In reply, Defendants argue that “there is no punitive damage claim in this case and there never will be because there is nothing to even suggest recklessness or substance abuse on the part of Mr. Priego or his employer.” (Defs.’ Reply 5:11–13.) Defendants further assert that the CSRT case is inapposite here, as the “opinion says nothing about allowing a plaintiff to engage in a fishing expedition to seek any possible evidence that might support a doubtful claim for punitive damages in a case where no punitive damages have been alleged.” (Id. at 9:8–10 [emphasis added].) Defendants argue that here, unlike in CSRT, “there isn’t a shred of evidence to even suggest recklessness, intoxication, lying on an employment application, termination from prior employment for intoxication or any other indication of behavior on the part of Mr. Priego that might support punitive damages against either WCA or Mr. Priego in this case.” (Id. at 10:6–9.) Defendants further argue that to accept Plaintiff’s argument that the CSRT holding creates an exception to the rule set forth under Diaz and Armenta would imply that “any party could simply get around the Diaz holding simply by claiming that he might find support for a punitive damage claim or by making frivolous punitive damage claims in his complaint.” (Id. at 10:16–18.)

 

Defendants further argue that even if Court finds testimony regarding Priego’s prior compliance with WCA’s safety protocols to be relevant, this testimony would be inadmissible because “Evidence Code section 1101 specifically excludes character evidence to prove fault on a particular occasion.” (Id. at 5:17–18.) Defendants further argue that the noticed depositions would be fruitless because “the only persons who would have knowledge regarding Jose Priego’s regular driving practices are Alejandro Priego, Clemente Priego, and Francis Malabuyoc. Each of those persons have been deposed.” (Id. at 7:10–12.) The Court agrees with Defendants, and finds that the CSRT exception is inapplicable here, where Plaintiff has not prayed for punitive damages in his complaint.
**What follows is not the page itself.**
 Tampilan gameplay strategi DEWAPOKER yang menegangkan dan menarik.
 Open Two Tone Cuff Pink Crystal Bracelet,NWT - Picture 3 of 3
The Court takes note that this case was initiated nearly two years ago, and that discovery efforts have long been underway, and therefore is not persuaded by Plaintiff’s argument that he may, at an unspecified later date, potentially seek leave to add a prayer for punitive damages against Defendants.

 

Defendants further argue that “there is no basis for taking the deposition of [each deponent] in this case and causing [them] to attend a lengthy deposition so that Plaintiff’s counsel can engage in a fishing expedition is improper, unfair and unduly burdensome both to [the deponents] and to WCA.” (Defs.’ Mot. 15:10–12.) The Court agrees, noting each deponent’s sworn declaration attesting that they do not possess any responsive documents or personal knowledge of the subject incident or Plaintiff’s claimed damages, and that under these circumstances it would cause a substantial hardship for each individual to attend the noticed deposition. (Decl. of David Evans ¶¶ 3–8; Decl. of Heriberto Coronel ¶¶ 3–8; Decl. of Jose M. Chavarria Manzo ¶¶ 3–8; Decl. of Daniel Villa ¶¶ 3–8; Decl. of Maria Berry ¶¶ 3–8.)

 

Based on the foregoing, the Court finds that the requested testimony and related document productions are not relevant here, where WCA has admitted vicarious liability and Plaintiff does not seek punitive damages against Defendants. The Court further finds that under these circumstances, deposing each of the five noticed individuals would cause undue burden to both the deponents and to counsel. Accordingly, the motions for protective orders are granted.

 

3.      Sanctions

 

“The court shall impose a monetary sanction … against any party, person, or attorney who unsuccessfully makes or opposes a motion for a protective order, unless it finds that the one subject to the sanction acted with substantial justification or that other circumstances make the imposition of the sanction unjust. (Code Civ. Proc. § 2025.420, subd. (h).) Additionally, “the court may impose a monetary sanction ordering that one engaging in the misuse of the discovery process, or any attorney advising that conduct, or both pay the reasonable expenses, including attorney’s fees, incurred by anyone as a result of that conduct.” (Code Civ. Proc. § 2023.030, subd. (a).)

 

Here, Defendants request monetary sanctions in the amount of $915.00 per motion, totaling $4,575.00, to be imposed against Plaintiff and/or his counsel. While the Court grants the instant motions, it finds the imposition of sanctions to be unjust because each party appears to have substantial justification for making and opposing the motion. Accordingly, the Court declines to issue monetary sanctions against either party.

 

CONCLUSION

 

The motions are granted. The Court declines to issue monetary sanctions.